Problem details: Return the records that follow, unchanged and complete.

Given records:
BEGIN

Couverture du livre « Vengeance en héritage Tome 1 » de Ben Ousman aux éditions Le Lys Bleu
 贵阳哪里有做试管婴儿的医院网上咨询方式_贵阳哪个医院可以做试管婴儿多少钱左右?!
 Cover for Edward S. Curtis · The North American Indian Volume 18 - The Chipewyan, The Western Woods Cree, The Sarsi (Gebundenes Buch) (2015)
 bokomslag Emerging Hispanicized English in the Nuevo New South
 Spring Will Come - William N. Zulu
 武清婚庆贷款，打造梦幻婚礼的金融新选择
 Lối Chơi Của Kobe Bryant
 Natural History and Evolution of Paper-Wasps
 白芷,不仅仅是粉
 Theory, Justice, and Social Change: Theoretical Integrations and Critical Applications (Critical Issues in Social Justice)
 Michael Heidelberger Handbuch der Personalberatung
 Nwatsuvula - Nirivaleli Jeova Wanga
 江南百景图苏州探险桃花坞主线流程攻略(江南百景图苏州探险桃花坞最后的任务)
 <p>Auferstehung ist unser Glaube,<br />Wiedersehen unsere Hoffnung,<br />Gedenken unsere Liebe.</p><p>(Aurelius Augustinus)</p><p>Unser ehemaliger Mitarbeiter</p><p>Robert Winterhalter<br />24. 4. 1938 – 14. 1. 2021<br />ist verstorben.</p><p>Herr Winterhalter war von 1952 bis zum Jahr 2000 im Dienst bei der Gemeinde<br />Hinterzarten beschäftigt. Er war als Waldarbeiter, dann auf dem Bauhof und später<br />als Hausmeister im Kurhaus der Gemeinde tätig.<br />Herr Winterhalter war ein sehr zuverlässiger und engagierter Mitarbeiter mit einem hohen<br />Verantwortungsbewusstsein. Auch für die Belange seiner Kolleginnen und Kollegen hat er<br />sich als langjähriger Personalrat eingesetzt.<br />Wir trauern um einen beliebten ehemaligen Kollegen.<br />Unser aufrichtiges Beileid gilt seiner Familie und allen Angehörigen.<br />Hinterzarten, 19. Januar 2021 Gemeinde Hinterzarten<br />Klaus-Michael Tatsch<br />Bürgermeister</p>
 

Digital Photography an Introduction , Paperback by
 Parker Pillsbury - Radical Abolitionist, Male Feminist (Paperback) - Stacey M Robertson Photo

END

Your response:
Couverture du livre « Vengeance en héritage Tome 1 » de Ben Ousman aux éditions Le Lys Bleu
 贵阳哪里有做试管婴儿的医院网上咨询方式_贵阳哪个医院可以做试管婴儿多少钱左右?!
 Cover for Edward S. Curtis · The North American Indian Volume 18 - The Chipewyan, The Western Woods Cree, The Sarsi (Gebundenes Buch) (2015)
 bokomslag Emerging Hispanicized English in the Nuevo New South
 Spring Will Come - William N. Zulu
 武清婚庆贷款，打造梦幻婚礼的金融新选择
 Lối Chơi Của Kobe Bryant
 Natural History and Evolution of Paper-Wasps
 白芷,不仅仅是粉
 Theory, Justice, and Social Change: Theoretical Integrations and Critical Applications (Critical Issues in Social Justice)
 Michael Heidelberger Handbuch der Personalberatung
 Nwatsuvula - Nirivaleli Jeova Wanga
 江南百景图苏州探险桃花坞主线流程攻略(江南百景图苏州探险桃花坞最后的任务)
 <p>Auferstehung ist unser Glaube,<br />Wiedersehen unsere Hoffnung,<br />Gedenken unsere Liebe.</p><p>(Aurelius Augustinus)</p><p>Unser ehemaliger Mitarbeiter</p><p>Robert Winterhalter<br />24. 4. 1938 – 14. 1. 2021<br />ist verstorben.</p><p>Herr Winterhalter war von 1952 bis zum Jahr 2000 im Dienst bei der Gemeinde<br />Hinterzarten beschäftigt. Er war als Waldarbeiter, dann auf dem Bauhof und später<br />als Hausmeister im Kurhaus der Gemeinde tätig.<br />Herr Winterhalter war ein sehr zuverlässiger und engagierter Mitarbeiter mit einem hohen<br />Verantwortungsbewusstsein. Auch für die Belange seiner Kolleginnen und Kollegen hat er<br />sich als langjähriger Personalrat eingesetzt.<br />Wir trauern um einen beliebten ehemaligen Kollegen.<br />Unser aufrichtiges Beileid gilt seiner Familie und allen Angehörigen.<br />Hinterzarten, 19. Januar 2021 Gemeinde Hinterzarten<br />Klaus-Michael Tatsch<br />Bürgermeister</p>
 

Digital Photography an Introduction , Paperback by
 Parker Pillsbury - Radical Abolitionist, Male Feminist (Paperback) - Stacey M Robertson Photo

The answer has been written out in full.